- Known for: LGBT+ advocacy

= Erin Greene =

Bahamian human rights advocate

Erin Greene is a Bahamian human rights advocate. She is considered a leading advocate for LGBT rights in the Bahamas, having been described as "arguably the country’s most outspoken LGBT activist."

==Early and personal life==
As a teenager, Greene worked as a councilor at a Methodist Youth Summer Camp, at bible schools, and in the Police Force Summer Youth Program. After attending Queen's College in the early 1990s, she began identifying as gay in her twenties, which coincided with her increasing political engagement.

==Career and advocacy==
Greene is a longtime advocate for human rights, including for women, immigrants, and the incarcerated, but particularly for LGBT Bahamians.

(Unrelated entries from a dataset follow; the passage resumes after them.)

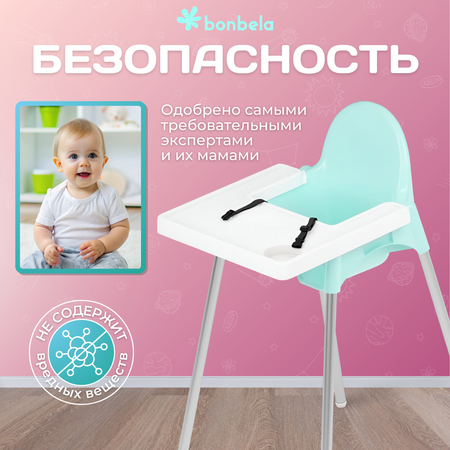 Стульчик для кормления bonbela классический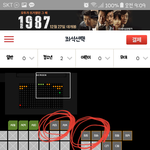 [엄청급해] 영화 <b>좌석</b> 골라주고 가면 예뻐짐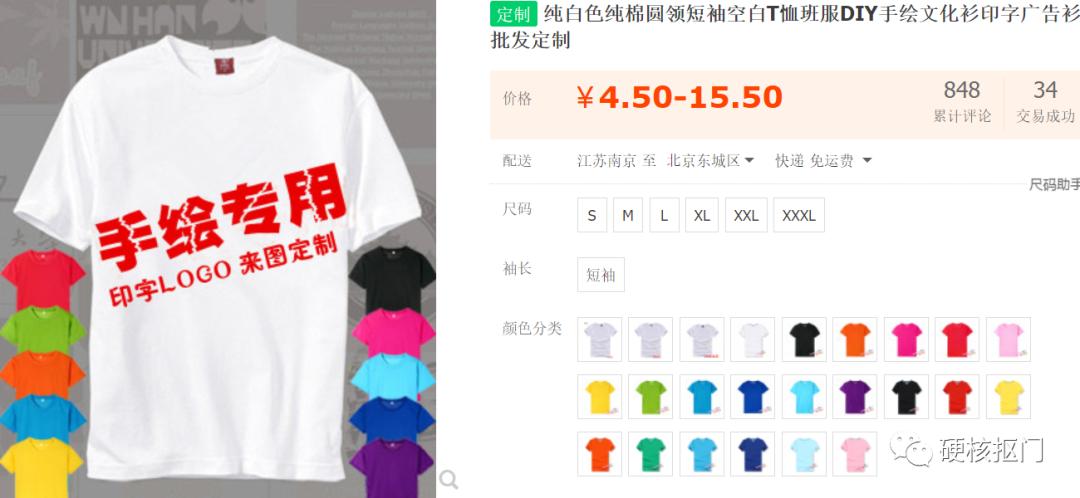 淘宝卖东西关键词,淘宝店铺畅销关键词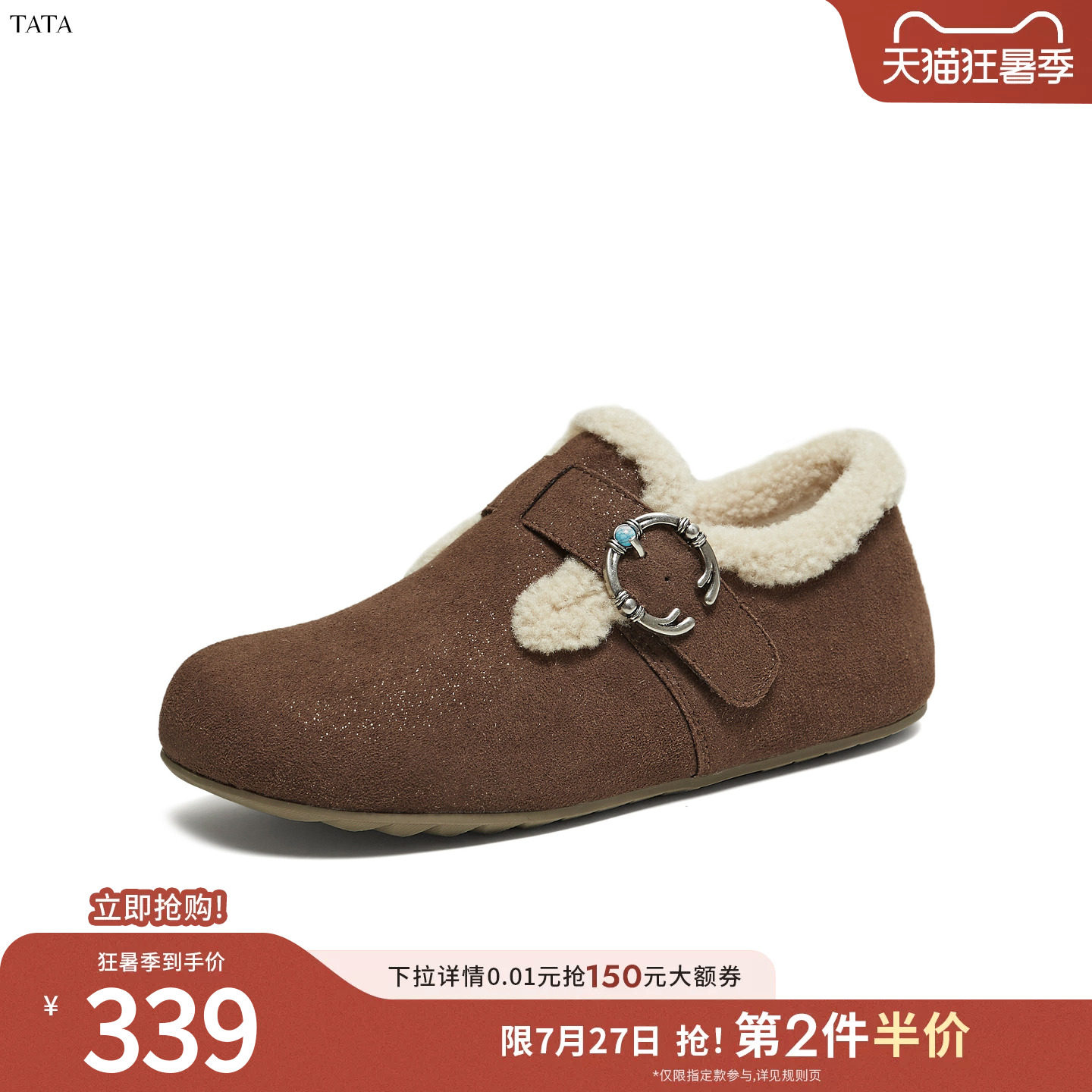 TATA他她加绒保暖勃肯鞋女冬季新款厚底外穿防滑防水棉鞋CF702DM5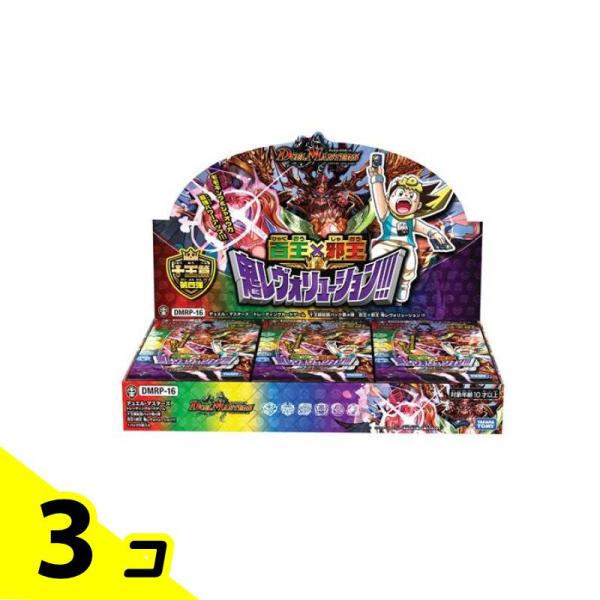 デュエル・マスターズ デュエル・マスターズTCG DMRP-16十王篇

LGBT rights in the Bahamas are extremely limited: There are no laws that address discrimination or harassment due to sexual orientation or gender identity, nor does the country recognize same-sex unions in any form, whether it be marriage or partnerships.

She began her work as an activist in earnest in the late 1990s and early 2000s, helping organize the first Pride event in the country in 2001. In 2000, she joined the Caribbean Association for Feminist Research and Action (CAFRA), becoming its Bahamas representative in 2002 and eventually becoming regional chairperson. When the Rainbow Alliance of the Bahamas coalesced in 2003, Greene became the organization's spokesperson, eventually serving as the group's president before it shut down in 2008.

Greene joined the Caribbean Forum for Liberation and Acceptance of Genders and Sexualities (CARIFLAG) and the Bahamas Human Rights Network in 2007, and she has also been involved in the Bahamian-Haitian Solidarity Group for immigration rights. She later served as director of advocacy at the Society Against STIs and HIV (SASH) Bahamas in 2013–2014.

Greene has faced significant backlash to her activism, including a series of death threats and stalking incidents. In 2019, she was the subject of violent threats and harassment on social media after she called for the Jamaican musical artist Buju Banton to refrain from performing his controversial song "Boom Bye Bye," which has been interpreted as supporting the murder of gay men, during a regional concert tour.

In 2014, she was nominated for a Community Titan Award as part of Bahamas Pride Freedom Weekend.

Greene has hosted the radio shows "The Culture of Things" and "On the Clock." She also works as a fish distributor and does stand-up comedy.